L’une des caractéristiques du vingtième siècle, c’est que dans les parties dites civilisées du monde, l’homme soit de plus en plus obligé de céder à des mécanismes et à des machines une part croissante du plaisir lié au mouvement. Tout en appréciant certains aspects du progrès technique, beaucoup de gens se demandent quels seront les effets de cet appauvrissement sur les générations à venir. Comme une sorte de réponse à ce qui allait être la situation de l’humanité à la fin de notre siècle, Rudolf et Marie Steiner, dès son début, ont transmis l’eurythmie à l’humanité. Une condition indispensable, il est vrai, à l’exercice de ce nouvel art, c’est « de reconnaître et même de vivre avec la conviction que l’homme est constitué d’un corps, d’une âme et d’un esprit ». Il est de toute urgence aujourd’hui que l’homme non seulement comprenne, mais aussi qu’il vive et exerce cette tripartition innée afin de sauvegarder son étincelle humaine primordiale. Si le plan scolaire des écoles Steiner est déjà entièrement construit sur la base de cette tripartition de l’homme en corps, âme et esprit, l’eurythmie offre des possibilités plus spécifiques encore de vivre cette ordonnance jusque dans ses aspects les plus subtils. C’est inspirée par cette idée fondamentale que Sylvia Bardt façonne l’enseignement qu’elle présente dans cet ouvrage. Elle montre très concrètement comment les enfants et les adolescents peuvent se trouver eux-mêmes et rencontrer le monde à travers l’eurythmie. Sa description des correspondances entre les classes telles qu’on peut les vivre à travers l’eurythmie est particulièrement réussie. Le lecteur est ainsi convié à se rendre compte lui-même de ce que représente, dans une biographie humaine, le fait d’arriver à « conclure douze années de travail eurythmique sous le signe du cercle, du soleil qui rend possible notre vie sur terre ». 

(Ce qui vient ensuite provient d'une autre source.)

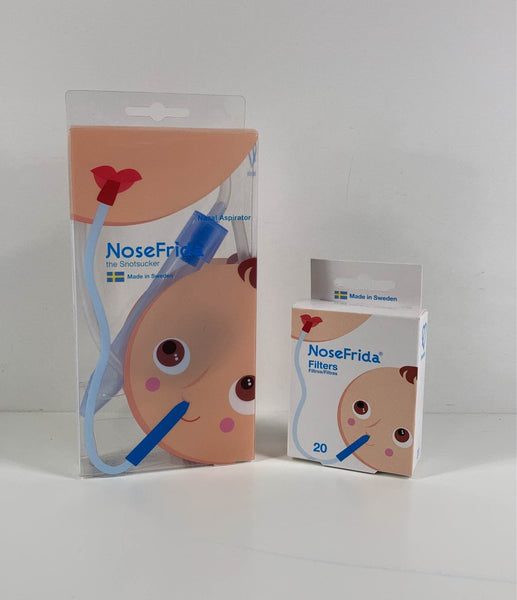 Baby Nasal Aspirator NoseFrida the Snotsucker with 20 Extra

C’est tout particulièrement à travers l’eurythmie en tant que « langage visible » ou « musique visible » que le jeune être humain prend conscience de sa nature universelle qui le lie en tant qu’homme avec ses semblables et avec l’esprit de l’humanité entière. Beaucoup d’enfants puissent-ils encore être accompagnés sur le chemin de la vie par les cours et les représentations d’eurythmie ! Me faisant le porte-parole de bien d’autres admirateurs de l’eurythmie, je tiens ici à remercier l’auteur pour l’accès à cet art qu’elle offre par son livre au lecteur intéressé.

Sylvia Bardt, L’enfant en mouvement.Pratique de l’eurythmie dans les écoles Steiner. 2011. Ed. Triades.